I stuck with performing right part. Where are these coefficients from?

Answer 1

We are looking for the Taylor series of $$f(x)=\sqrt{1+x^2}\int\frac{dx}{\sqrt{1+x^2}}\tag{1}$$ that is clearly related with the Taylor series of $$ g(x) = \sqrt{1-x^2}\int\frac{dx}{\sqrt{1-x^2}} = \sqrt{1-x^2}\arcsin(x).\tag{2}$$ We may now invoke some heavy artillery.

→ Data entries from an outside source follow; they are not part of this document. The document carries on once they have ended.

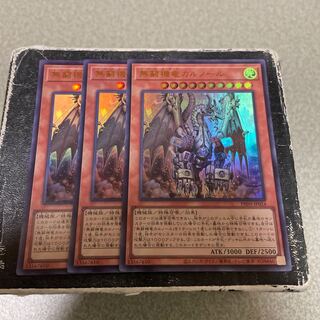 無窮機竜カルノール ウルトラレア PHNI-JP024  3枚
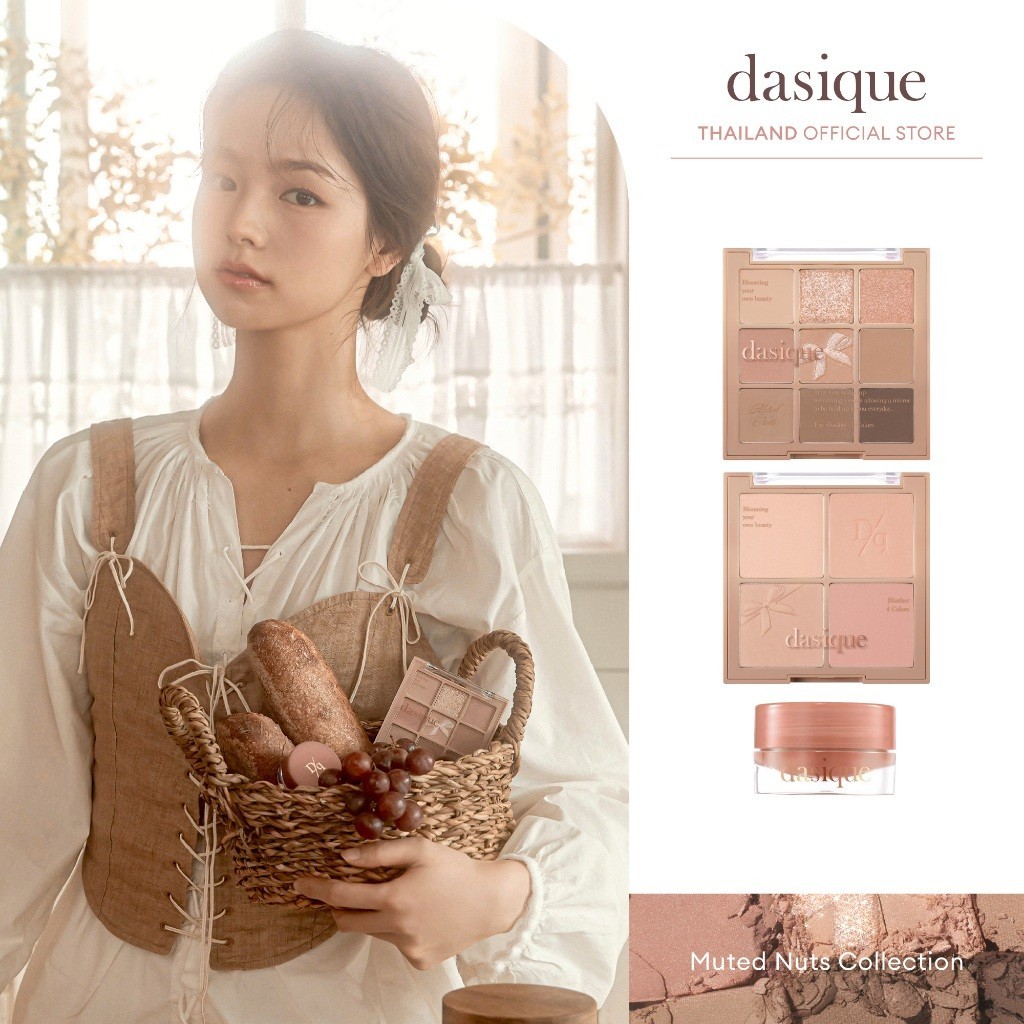 dasique Muted Nuts Collection #เดซีค นัทคอลเลกชั่น, นัท, อายพาเลตต์, บลัชเชอร์, ลิปแจม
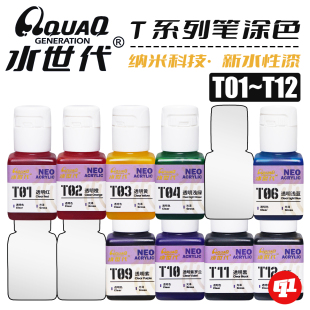 水世代 T透明色水性漆丨模型喷涂笔涂上色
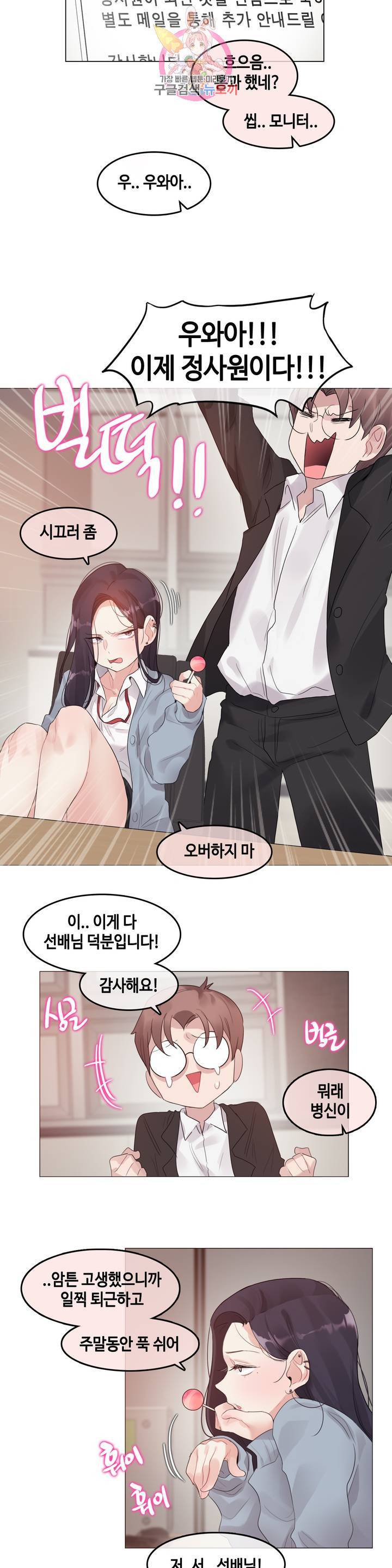 일상생활 가능하세요? 100화 16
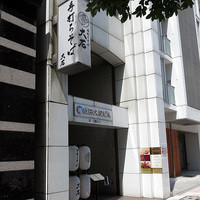 手打ちそば 大石 - 
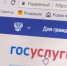 На Портале госуслуг Крыма доступно для предоставления в электронном виде 19 видов услуг - Crimea-news.com
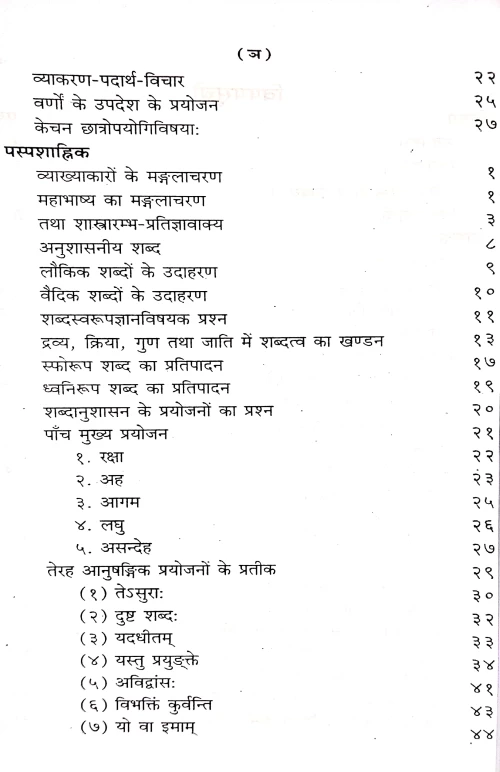 Vyakarana Mahabhasyam (Paspasanhikam)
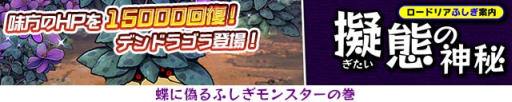 画像ギャラリー No.001のサムネイル画像 / 「サモンズボード」，イベントダンジョン「デンドラ平野【極】」のポイントと，ボスモンスター「空腹のデンドラゴラ」の行動パターンを紹介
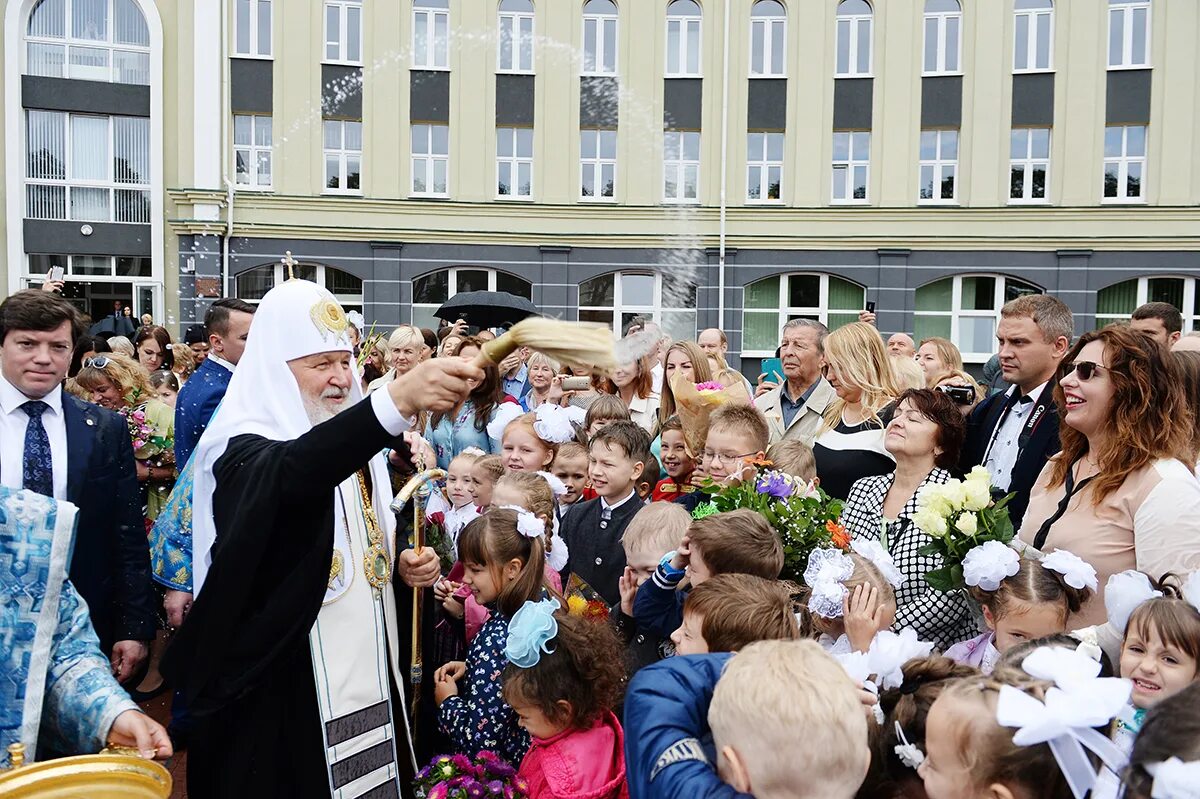 Православная гимназия калининград фото Патриарший визит в Калининградскую епархию. Освящение нового корпуса Православно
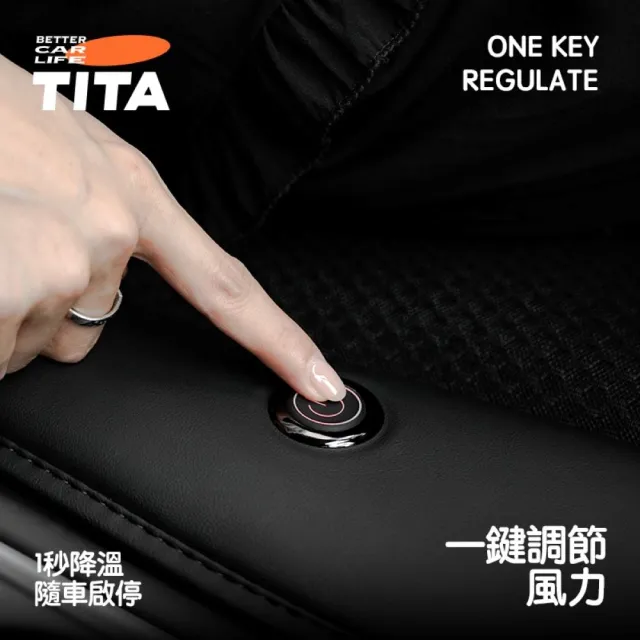 TITA 爽Pro 全車系適用 新升級加厚款車用通風坐墊 夏季坐墊座椅通風座墊製冷透氣車載通風椅墊涼感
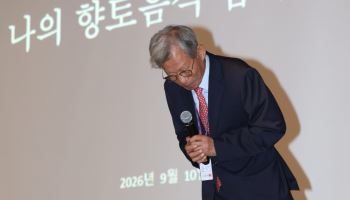 유홍준 국립중앙박물관장, '친일파 유묵' 오인 공개 사과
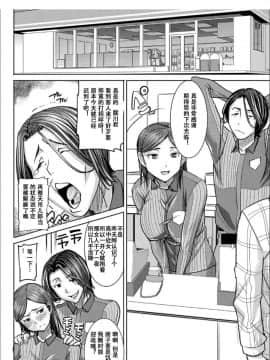 [小窝汉化][田中あじ] 僕の家族を晒します_065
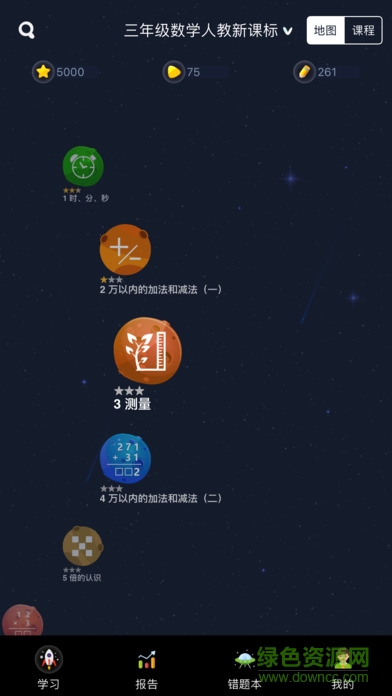 尋知圖手機版(學生端) v1.2.1 安卓版 2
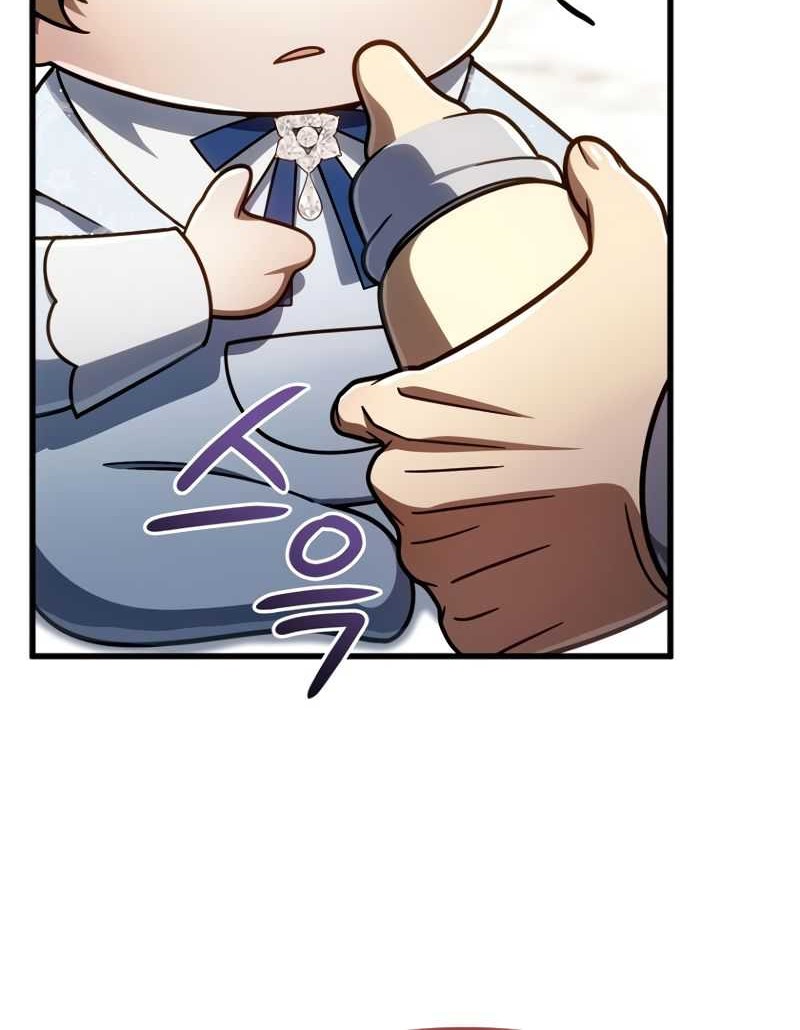 I’m Going To Destroy This Country Chapter 20 Gambar 12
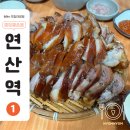 한양장충족발 이미지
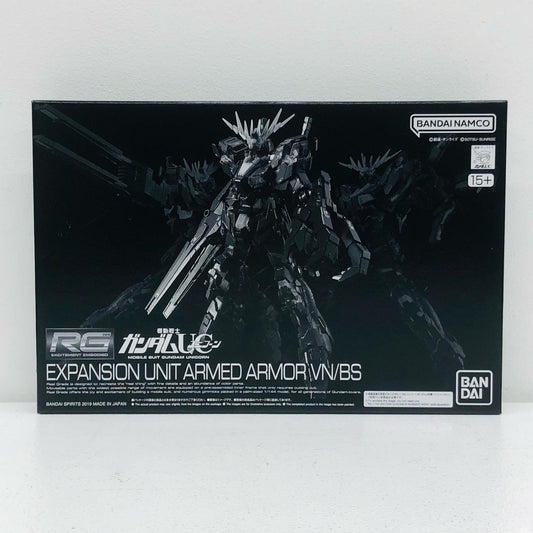 【中古】 1/144RG拡張ユニットアームド・アーマーVN/BS「機動戦士ガンダムUC」プレミアムバンダイ限定[5057011]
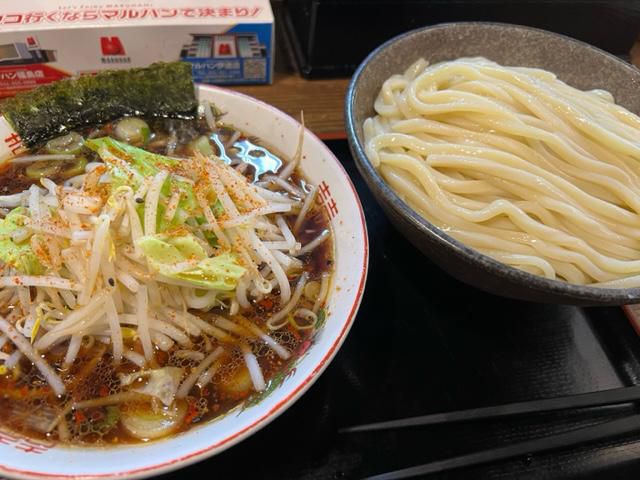 くをん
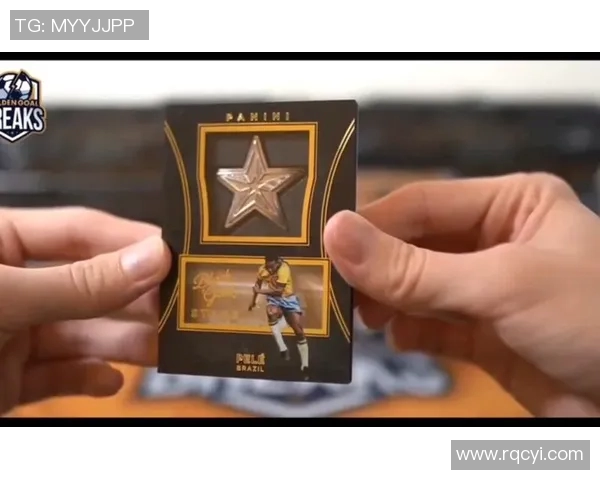 大尺寸足球球星卡的市场价格分析及收藏价值探讨 大尺寸足球球星卡的市场价格分析及收藏价值探讨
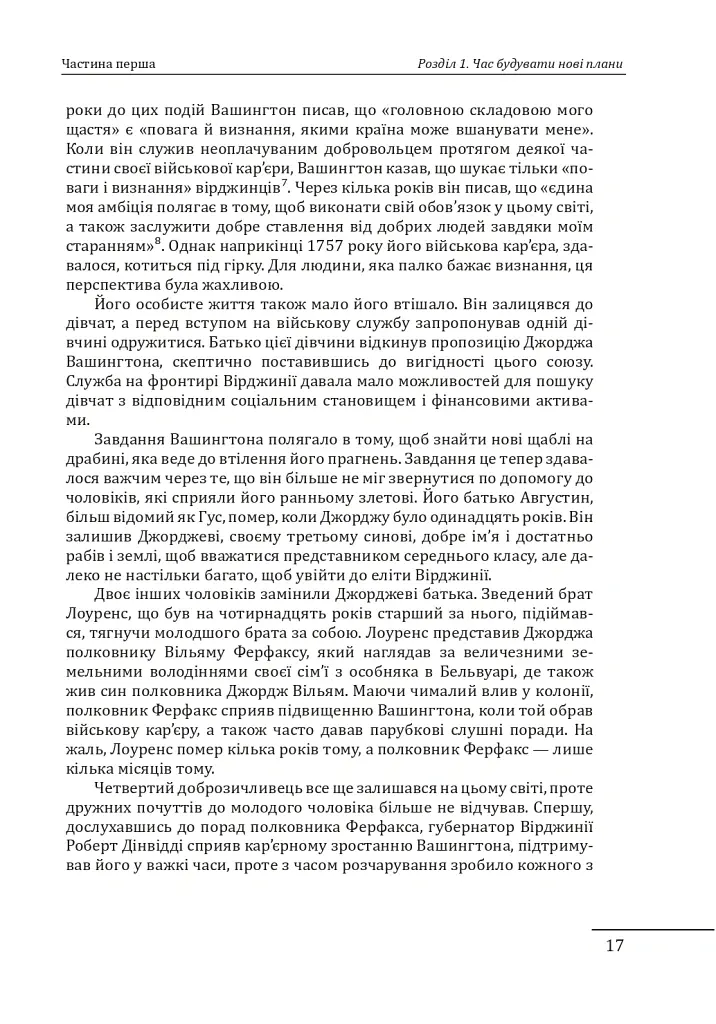 Джордж Вашингтон: політичне піднесення батька-засновника Америки - Девід О. Стюарт - фото 17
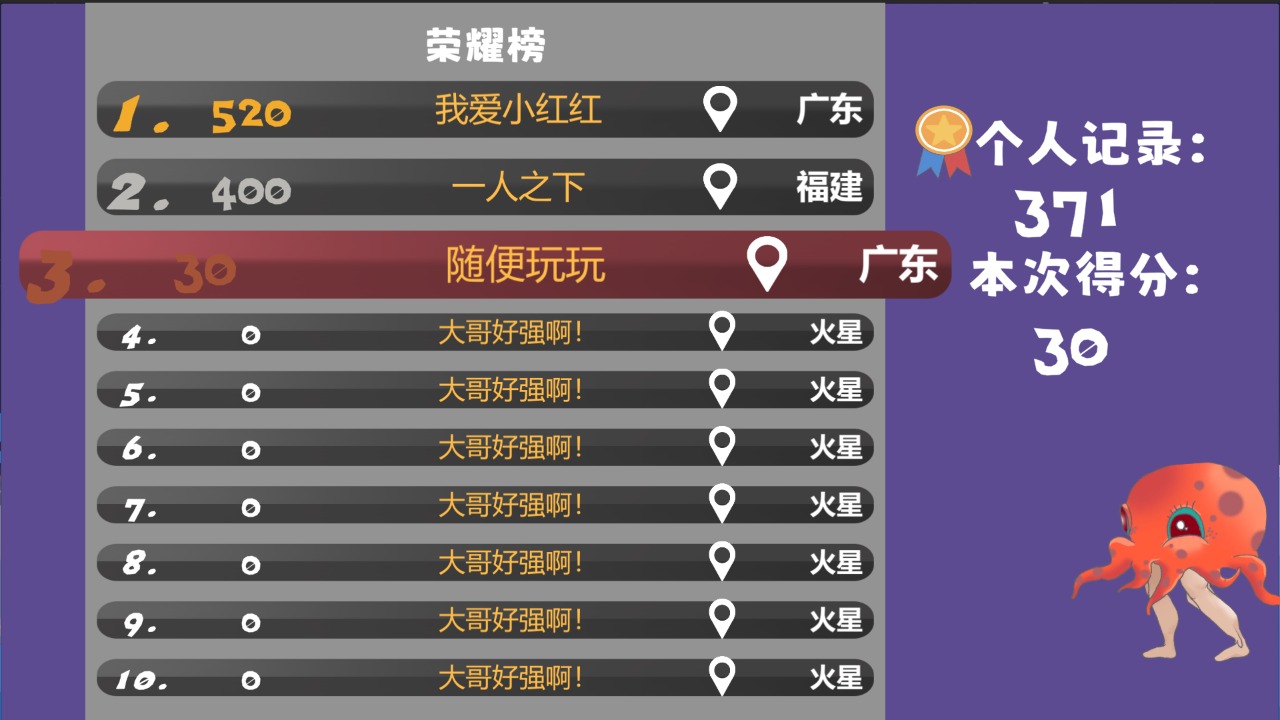 泊赢瓶 泊赢瓶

For instance, the following identity: $$ \arcsin^2(x) = \sum_{n\geq 1}\frac{(4x^2)^n}{2n^2\binom{2n}{n}}\tag{3}$$ leading to: $$ \frac{\arcsin x}{\sqrt{1-x^2}}=\sum_{n\geq 1}\frac{4^n}{(2n)\binom{2n}{n}} x^{2n-1} \tag{4} $$ and to: $$ x-\sqrt{1-x^2}\arcsin(x) = \int\frac{x\arcsin(x)}{\sqrt{1-x^2}}\,dx = \sum_{n\geq 1}\frac{4^n}{(2n)(2n+1)\binom{2n}{n}}x^{2n+1}\tag{5} $$ from which: $$ g(x)=x-\sum_{n\geq 1}\frac{4^n}{(2n)(2n+1)\binom{2n}{n}}x^{2n+1}\tag{6}$$ and $$\boxed{ f(x)=x-\sum_{n\geq 1}\frac{4^n(-1)^n}{(2n)(2n+1)\binom{2n}{n}}x^{2n+1}}\tag{7}$$ Two distinct prof of $(3)$ (one proof through Bonnet's recursion formula and Legendre polynomials, a second proof through the residue theorem) can be found in my course notes, at pages $18$ and $19$. A little warning: they are in Italian.